Reputation: 43
I have a simple index with one field which is an array of specialties. One record is
"specialties" : ["hand"]
and the other record is
"specialties" : ["hand","foot","eye"]
when i do the following query
GET test/_search/
{
"query": {
"term": {
"specialties": {
"value": "hand",
"boost": 1.0
}
}
}
}
i get
"hits" : [
{
"_index" : "test",
"_type" : "_doc",
"_id" : "XRrLTHUBX_caCRKF8MQI",
"_score" : 0.22920427,
"_source" : {
"specialties" : [
"hand"
]
}
},
{
"_index" : "test",
"_type" : "_doc",
"_id" : "XBrLTHUBX_caCRKFAsSM",
"_score" : 0.1513613,
"_source" : {
"specialties" : [
"hand",
"foot",
"eye"
]
}
}
]
My question is: what can I do to get both of these records scored the same when performing a query for "hand"?
Upvotes: 3
Views: 1159
Reputation: 16192
The score matches are not equal due to field normalization and to resolve your issue, you have to disable the norms on the field
Using the explain API, you will find that the score is not the same, for the match because of the dl
parameter i.e the length of the field.
The dl
parameter value is 3.0
for "specialties" : ["hand","foot","eye"]

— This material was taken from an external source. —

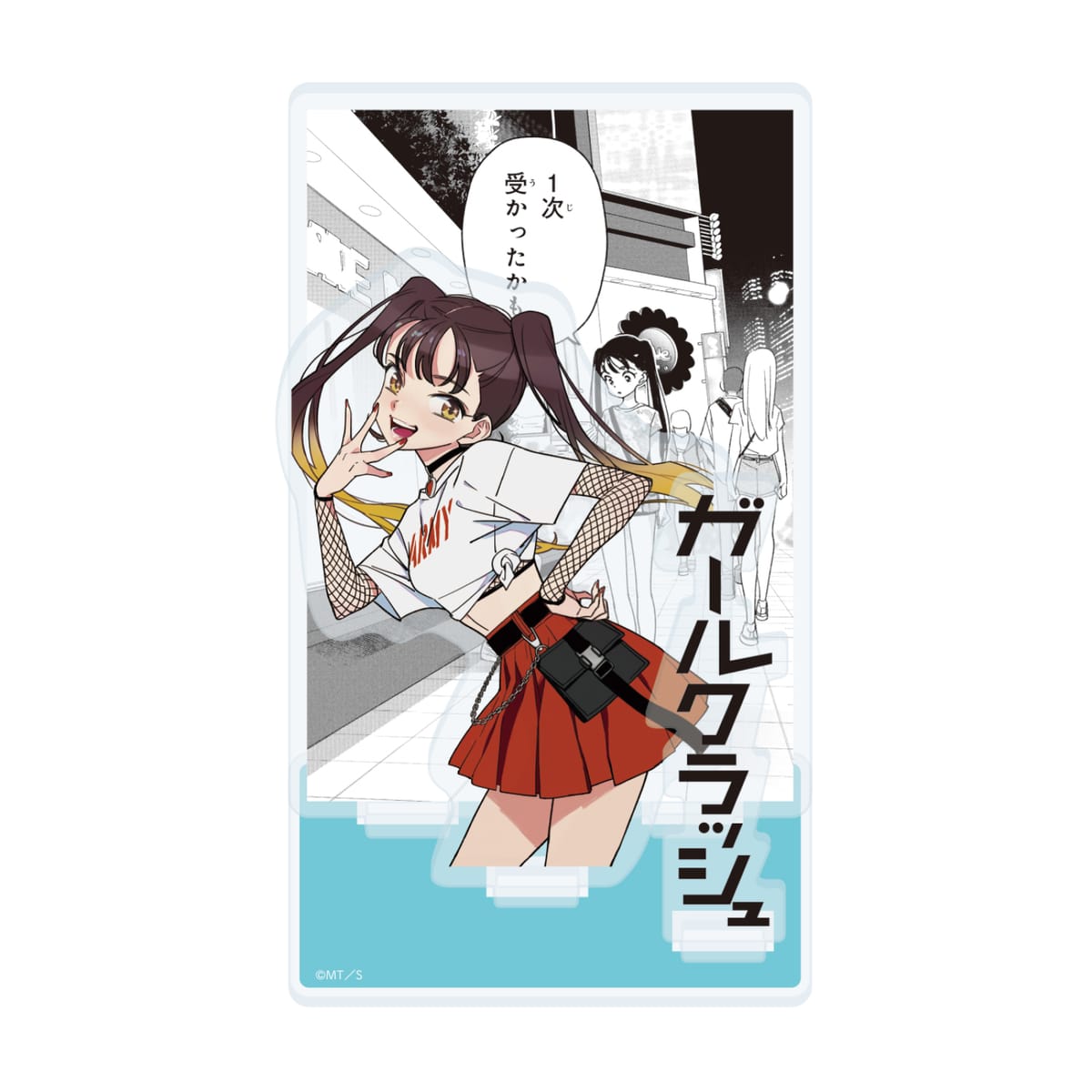 【ガールクラッシュ】アクリルジオラマ　２巻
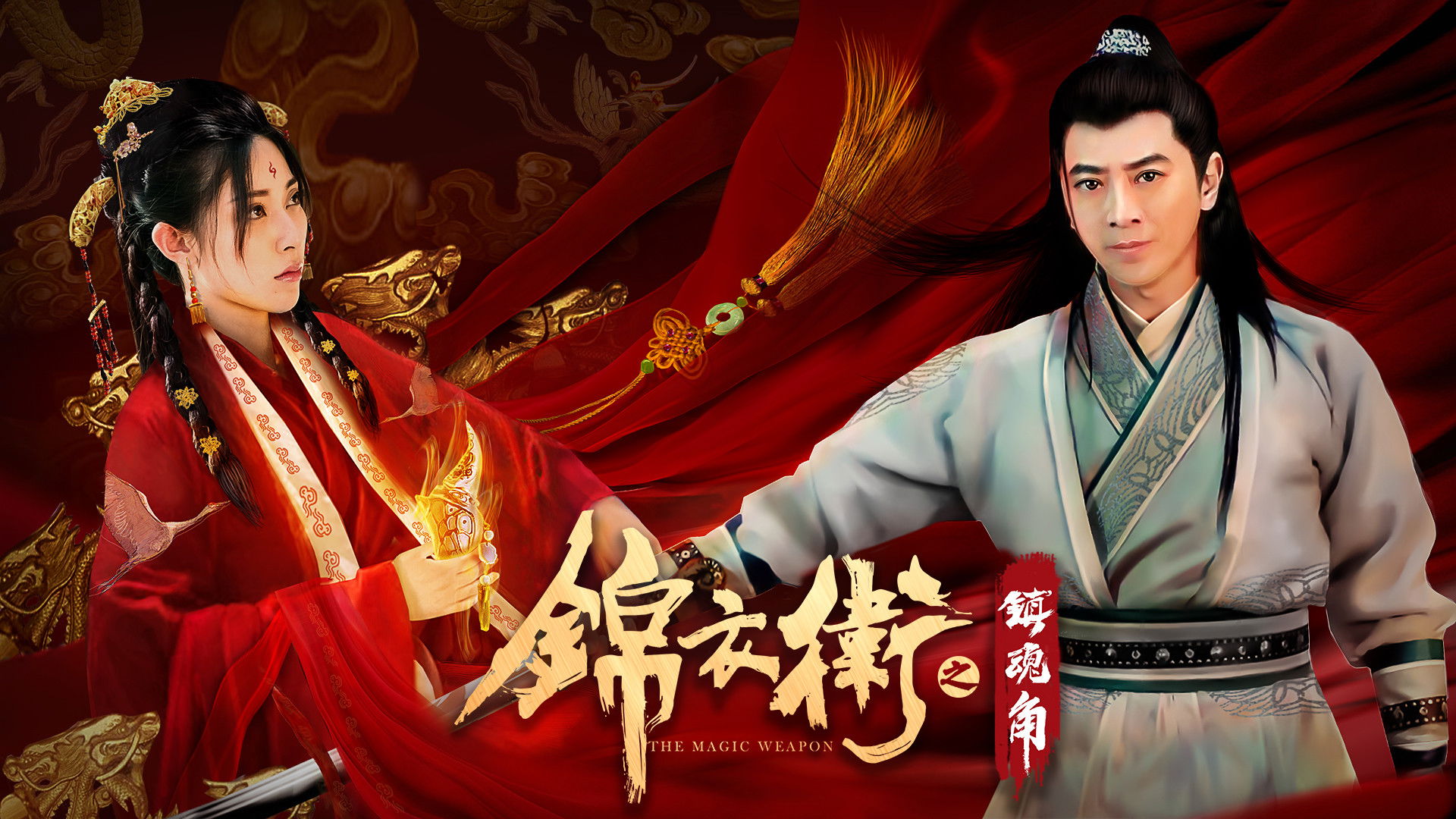 Backdrop for The Magic Weapon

and for "specialties" : ["hand"]
it is 1.0
. Therefore, the tf
score decreases for the second document (as dl
is present in the denomiator of formula).
Due to which the final score (which is calculated by boost * idf * tf
), also decreases for the second document.
{
"description": "tf, computed as freq / (freq + k1 * (1 - b + b * dl / avgdl)) from:",
"details": [
{
"value": 1.0,
"description": "freq, occurrences of term within document",
"details": []
},
{
"value": 1.2,
"description": "k1, term saturation parameter",
"details": []
},
{
"value": 0.75,
"description": "b, length normalization parameter",
"details": []
},
{
"value": 3.0,
"description": "dl, length of field",
"details": []
},
{
"value": 2.0,
"description": "avgdl, average length of field",
"details": []
}
]
}
If you want elasticsearch to score exact matches equally regardless of field length, then you need to disable norms on specialities
field.
Adding a working example with index mapping, index data (used same as that given in question) search query, and search result
Index Mapping:
{
"mappings": {
"properties": {
"specialties": {
"type": "text",
"norms": false
}
}
}
}
Search Query:
{
"query": {
"term": {
"specialties": {
"value": "hand",
"boost": 1.0
}
}
}
}
Search Result:
"hits": [
{
"_index": "64471434",
"_type": "_doc",
"_id": "2",
"_score": 0.22920428,
"_source": {
"specialties": [
"hand",
"foot",
"eye"
]
}
},
{
"_index": "64471434",
"_type": "_doc",
"_id": "1",
"_score": 0.22920428,
"_source": {
"specialties": [
"hand"
]
}
}
]
Update 1:
If the use case is just to match the result based on the condition (and scoring is not important), then you can go with a constant score query or use bool filter
{
"query": {
"constant_score": {
"filter": {
"term": { "specialties": "hand" }
}
}
}
}
Upvotes: 2